Speculating and Hypothesizing about David Rubenstein

One question that has been tickling the back of my mind ever since the Orioles season took a turn for the worse is “What does David Rubenstein think about all this?” 

I’m sure when Rubenstein bought the team he was sold the idea that he was buying a powerhouse that would be one of the best teams in baseball for years to come. 

When the sale was announced, the Orioles were coming off a 101 win season, they had 2 of the brightest young stars in baseball in Adley Rutschman and Gunnar Henderson already up in the big leagues performing like stars and one of, if not the best farm system in baseball with the number 1 prospect in baseball banging on the door in triple A. 

I have been critical of Mike Elias a lot recently but when Rubenstein bought the team in 2024 it would have been hard to argue that Elias wasn’t one of the best GMs in the sport based on the team’s recent success and the rich farm system that they had to continue to build on. And not that this award means that much but they also had the reigning Manager of the Year in Brandon Hyde. 

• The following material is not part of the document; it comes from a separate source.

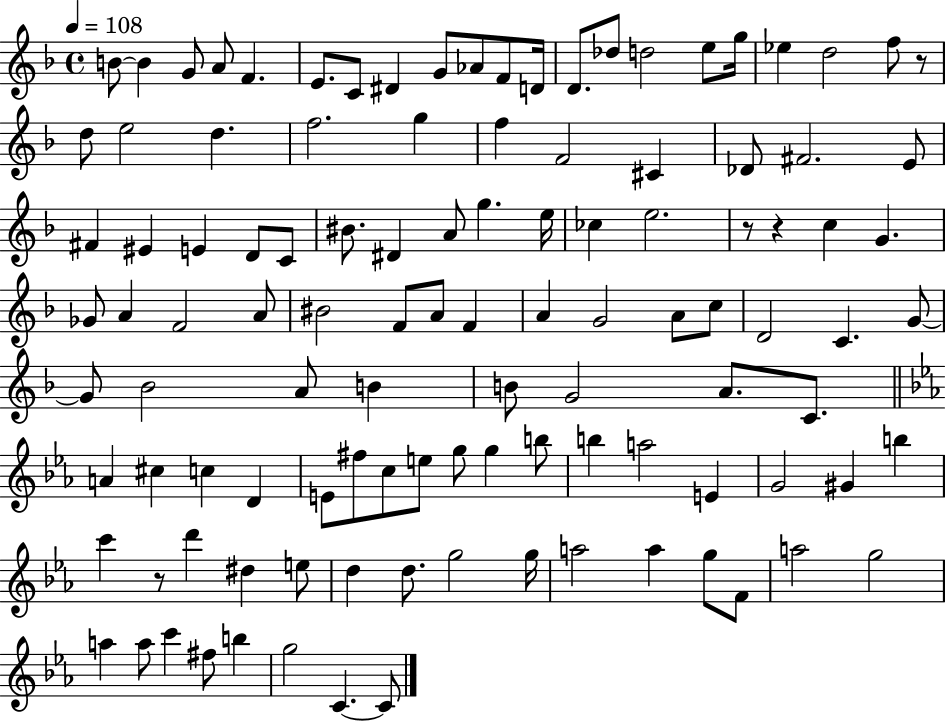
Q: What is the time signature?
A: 4/4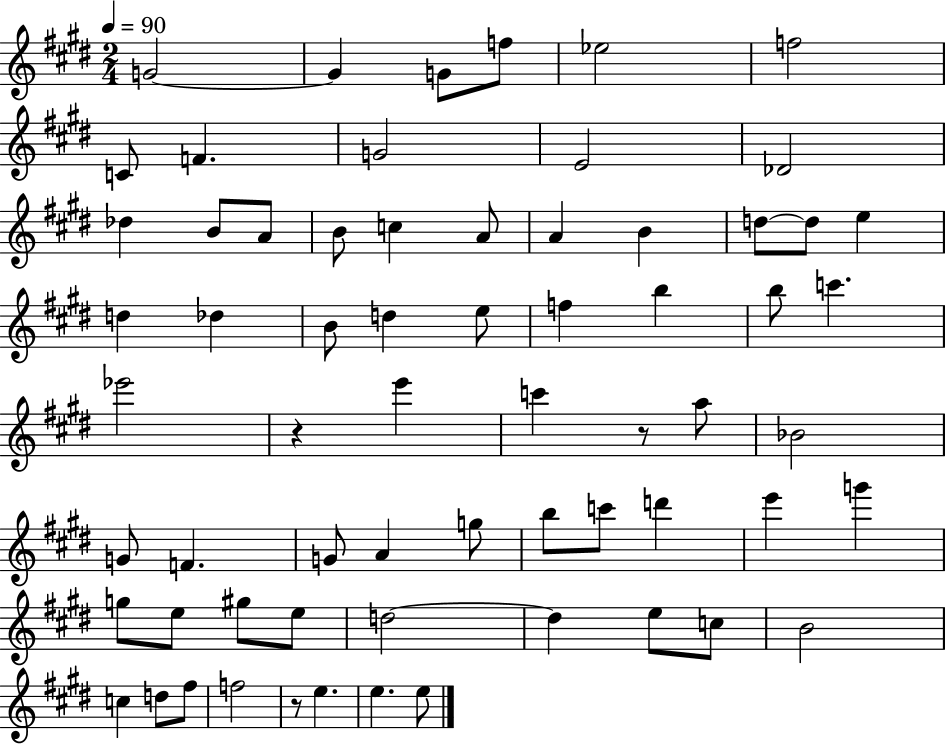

From the perspective of a Private Equity billionaire I could easily see Rubenstein thinking “We have the leadership and on field talent already in the building. All I have to do is greenlight more payroll and invest in the business side and we’ll be winning games and rolling in cash.” 

Imagine how great it would have felt to be Rubenstein this time last year. The team had a top 2 record in the AL, 60% of your starting lineup were all star finalists, you had a Cy Young contender at the top of your rotation as well as the favorite for Rookie of the Year, and you were walking around the stadium throwing out hats to hoards of fans who view you as a savior. 

Fast forward to today and it’s almost the exact opposite. A bottom 3 record in the AL, the whole team underperforming except 1 DH, the worst rotation in the league and suddenly the farm system has dried up. Suddenly it’s not as fun to walk around the park throwing out hats. 

That would be tremendously frustrating, you spend a billion dollars, one year you’re a hero and the next, to quote Jesse Pinkman, you’re “persona non gratis”. If you’re Rubenstein you have to be thinking this is not what I signed up for. 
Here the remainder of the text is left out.